There is another meaningful word that we should like to consider for a moment: the word clean cleanliness. All through the Old Testament, men are reminded of cleanliness even as our Savior in the New Testament said, “be thou clean.”
Among the ancient philosophers Epictetus observed that “cleanliness…divides [men] from the lower animals”and then added: “Will you not cleanse yourself? Will you not come clean among us that you may give pleasure to your companions?”
Think for a moment of some of the connotations of uncleanliness: dirt and darkness, smut and filth, unwashed, impure, contaminated, soiled, and sullied. And then by contrast think of some of the blessed connotations of cleanliness: clean clothes, clean sheets, clean food, clean hands, clean speech, clean minds, clean motives, clean men.
The honest sweat of toil, the honest dirt that comes with work, and the fresh smears and smudges on a boy’s face, have a sort of accepted virtue. But stale dirt, and dirt of mind and dirt of morals are abhorrent in their contrast to cleanliness, and especially abhorrent to the inside kind of cleanliness, of which Epictetus further said: “The [first] and fundamental purity is of the soul.”
Some, no doubt, will be cynical on this subject. Some will say or subtly suggest that the laws and commandments concerning chastity and personal purity are old-fashioned, and can safely be set aside. But if they do say so, they deceive themselves, for there is this sure certainty: that sin, old-fashioned as it is to speak of it, is still followed by its costs and consequences.
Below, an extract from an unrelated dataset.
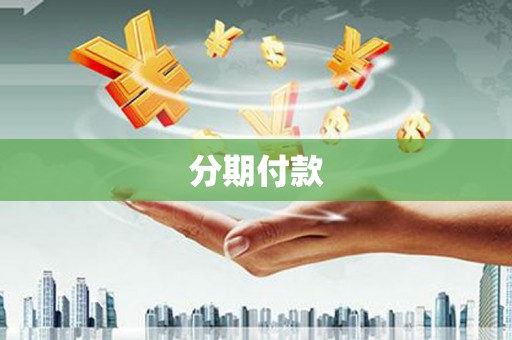 科尔沁左翼后旗分期付款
The law of cause and effect has not been repealed even if some would say so.
How blessed is the blessedness of cleanliness of washing clean, of being clean, of thinking clean, of living clean, of keeping clean with cleanliness of person and cleanliness of soul; with the chaste and moral cleanliness of a young man or woman coming to marriage. This kind of cleanliness is at the very core of man’s peace and effectiveness in life, and quietness of conscience the cleanliness of a man inside himself.
In the words of Job, “He that hath clean hands shall be stronger and stronger.”